Aim of the task:
Print the records below word for word, beginning with the first line and ending once the line containing "VT license plate XOF249" is printed.

··· Exercise data

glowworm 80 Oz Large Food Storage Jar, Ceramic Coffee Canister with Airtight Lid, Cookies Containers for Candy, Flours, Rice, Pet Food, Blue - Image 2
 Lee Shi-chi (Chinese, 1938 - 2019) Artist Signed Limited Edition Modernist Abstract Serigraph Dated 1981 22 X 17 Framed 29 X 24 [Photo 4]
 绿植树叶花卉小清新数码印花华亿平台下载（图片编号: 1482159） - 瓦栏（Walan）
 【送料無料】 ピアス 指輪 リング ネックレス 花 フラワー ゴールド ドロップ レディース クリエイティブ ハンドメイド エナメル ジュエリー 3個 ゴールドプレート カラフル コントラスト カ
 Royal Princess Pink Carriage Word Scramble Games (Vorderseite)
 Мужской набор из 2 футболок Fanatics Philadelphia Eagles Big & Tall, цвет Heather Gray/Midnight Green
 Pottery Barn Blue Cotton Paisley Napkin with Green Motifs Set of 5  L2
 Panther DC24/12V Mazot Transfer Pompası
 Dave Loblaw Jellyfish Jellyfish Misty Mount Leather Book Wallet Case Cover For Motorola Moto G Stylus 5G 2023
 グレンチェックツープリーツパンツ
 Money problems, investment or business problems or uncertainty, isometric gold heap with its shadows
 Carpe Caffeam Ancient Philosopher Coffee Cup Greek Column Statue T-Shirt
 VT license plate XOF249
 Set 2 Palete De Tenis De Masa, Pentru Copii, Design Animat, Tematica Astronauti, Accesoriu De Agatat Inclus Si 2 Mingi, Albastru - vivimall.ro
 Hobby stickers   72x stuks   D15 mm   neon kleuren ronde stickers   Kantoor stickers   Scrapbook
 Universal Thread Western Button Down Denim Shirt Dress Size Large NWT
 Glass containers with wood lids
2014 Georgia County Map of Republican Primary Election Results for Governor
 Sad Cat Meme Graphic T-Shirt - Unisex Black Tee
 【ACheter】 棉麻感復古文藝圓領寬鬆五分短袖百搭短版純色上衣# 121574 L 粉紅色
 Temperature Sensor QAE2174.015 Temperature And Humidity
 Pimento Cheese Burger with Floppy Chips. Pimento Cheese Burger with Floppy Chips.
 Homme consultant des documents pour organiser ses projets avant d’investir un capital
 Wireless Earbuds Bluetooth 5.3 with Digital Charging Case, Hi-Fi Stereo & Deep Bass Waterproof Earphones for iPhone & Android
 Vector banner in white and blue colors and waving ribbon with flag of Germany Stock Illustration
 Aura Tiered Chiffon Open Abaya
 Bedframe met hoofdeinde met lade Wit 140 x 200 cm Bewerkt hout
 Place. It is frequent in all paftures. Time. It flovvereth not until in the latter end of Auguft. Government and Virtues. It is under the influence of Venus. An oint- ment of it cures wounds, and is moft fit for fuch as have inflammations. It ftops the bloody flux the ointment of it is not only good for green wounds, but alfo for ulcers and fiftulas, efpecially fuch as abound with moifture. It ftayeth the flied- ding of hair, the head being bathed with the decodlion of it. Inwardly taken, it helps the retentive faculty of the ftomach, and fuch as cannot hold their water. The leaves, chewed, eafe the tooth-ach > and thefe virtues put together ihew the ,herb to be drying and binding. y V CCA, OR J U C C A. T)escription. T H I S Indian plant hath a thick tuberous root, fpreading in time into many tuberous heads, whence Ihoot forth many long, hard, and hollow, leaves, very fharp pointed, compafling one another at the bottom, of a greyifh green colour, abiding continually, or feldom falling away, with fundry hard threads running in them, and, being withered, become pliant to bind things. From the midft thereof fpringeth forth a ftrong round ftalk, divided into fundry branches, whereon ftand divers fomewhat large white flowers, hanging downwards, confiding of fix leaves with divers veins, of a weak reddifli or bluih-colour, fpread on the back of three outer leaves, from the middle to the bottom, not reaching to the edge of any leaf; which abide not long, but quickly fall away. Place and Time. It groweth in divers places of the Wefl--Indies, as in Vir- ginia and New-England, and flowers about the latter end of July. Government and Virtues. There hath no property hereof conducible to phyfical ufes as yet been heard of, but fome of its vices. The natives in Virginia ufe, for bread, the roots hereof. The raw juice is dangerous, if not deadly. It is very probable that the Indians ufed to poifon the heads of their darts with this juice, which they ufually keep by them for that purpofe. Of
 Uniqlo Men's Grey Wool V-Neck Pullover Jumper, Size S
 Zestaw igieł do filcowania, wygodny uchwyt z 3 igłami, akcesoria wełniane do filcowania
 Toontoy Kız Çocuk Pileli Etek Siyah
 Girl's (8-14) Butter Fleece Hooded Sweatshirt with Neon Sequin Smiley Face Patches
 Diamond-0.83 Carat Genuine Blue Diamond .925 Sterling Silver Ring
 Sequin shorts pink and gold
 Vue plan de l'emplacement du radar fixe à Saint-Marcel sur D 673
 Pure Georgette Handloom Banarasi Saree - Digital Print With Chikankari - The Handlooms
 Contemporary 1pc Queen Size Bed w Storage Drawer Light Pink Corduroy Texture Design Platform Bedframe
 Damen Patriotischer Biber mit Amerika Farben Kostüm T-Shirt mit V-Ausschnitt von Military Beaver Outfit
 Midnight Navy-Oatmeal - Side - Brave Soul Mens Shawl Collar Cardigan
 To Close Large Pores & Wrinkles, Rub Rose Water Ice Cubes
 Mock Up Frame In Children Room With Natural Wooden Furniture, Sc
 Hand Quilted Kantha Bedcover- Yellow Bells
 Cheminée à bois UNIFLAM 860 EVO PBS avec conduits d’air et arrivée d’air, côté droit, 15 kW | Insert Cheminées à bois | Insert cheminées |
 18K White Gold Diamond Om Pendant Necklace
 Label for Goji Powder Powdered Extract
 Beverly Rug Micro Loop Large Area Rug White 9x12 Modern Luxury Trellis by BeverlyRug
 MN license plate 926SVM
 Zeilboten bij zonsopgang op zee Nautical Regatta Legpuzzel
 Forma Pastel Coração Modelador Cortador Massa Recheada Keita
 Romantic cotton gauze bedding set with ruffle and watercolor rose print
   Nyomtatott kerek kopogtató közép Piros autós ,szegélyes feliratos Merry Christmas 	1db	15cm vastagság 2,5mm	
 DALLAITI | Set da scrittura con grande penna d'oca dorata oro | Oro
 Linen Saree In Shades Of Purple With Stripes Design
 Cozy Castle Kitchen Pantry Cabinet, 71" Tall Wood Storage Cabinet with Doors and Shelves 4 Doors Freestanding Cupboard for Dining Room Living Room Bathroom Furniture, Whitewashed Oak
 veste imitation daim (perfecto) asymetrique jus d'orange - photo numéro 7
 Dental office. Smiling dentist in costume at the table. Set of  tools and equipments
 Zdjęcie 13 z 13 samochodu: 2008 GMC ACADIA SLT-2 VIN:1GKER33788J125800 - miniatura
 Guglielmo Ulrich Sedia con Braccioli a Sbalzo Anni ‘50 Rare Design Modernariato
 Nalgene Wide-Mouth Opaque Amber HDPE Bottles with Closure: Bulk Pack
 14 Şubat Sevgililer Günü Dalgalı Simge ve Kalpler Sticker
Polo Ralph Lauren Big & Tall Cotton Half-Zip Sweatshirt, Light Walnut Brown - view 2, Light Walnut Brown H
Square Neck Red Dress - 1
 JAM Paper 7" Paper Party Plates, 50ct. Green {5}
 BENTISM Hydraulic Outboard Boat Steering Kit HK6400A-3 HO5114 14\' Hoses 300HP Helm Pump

······

Answer space:
glowworm 80 Oz Large Food Storage Jar, Ceramic Coffee Canister with Airtight Lid, Cookies Containers for Candy, Flours, Rice, Pet Food, Blue - Image 2
 Lee Shi-chi (Chinese, 1938 - 2019) Artist Signed Limited Edition Modernist Abstract Serigraph Dated 1981 22 X 17 Framed 29 X 24 [Photo 4]
 绿植树叶花卉小清新数码印花华亿平台下载（图片编号: 1482159） - 瓦栏（Walan）
 【送料無料】 ピアス 指輪 リング ネックレス 花 フラワー ゴールド ドロップ レディース クリエイティブ ハンドメイド エナメル ジュエリー 3個 ゴールドプレート カラフル コントラスト カ
 Royal Princess Pink Carriage Word Scramble Games (Vorderseite)
 Мужской набор из 2 футболок Fanatics Philadelphia Eagles Big & Tall, цвет Heather Gray/Midnight Green
 Pottery Barn Blue Cotton Paisley Napkin with Green Motifs Set of 5  L2
 Panther DC24/12V Mazot Transfer Pompası
 Dave Loblaw Jellyfish Jellyfish Misty Mount Leather Book Wallet Case Cover For Motorola Moto G Stylus 5G 2023
 グレンチェックツープリーツパンツ
 Money problems, investment or business problems or uncertainty, isometric gold heap with its shadows
 Carpe Caffeam Ancient Philosopher Coffee Cup Greek Column Statue T-Shirt
 VT license plate XOF249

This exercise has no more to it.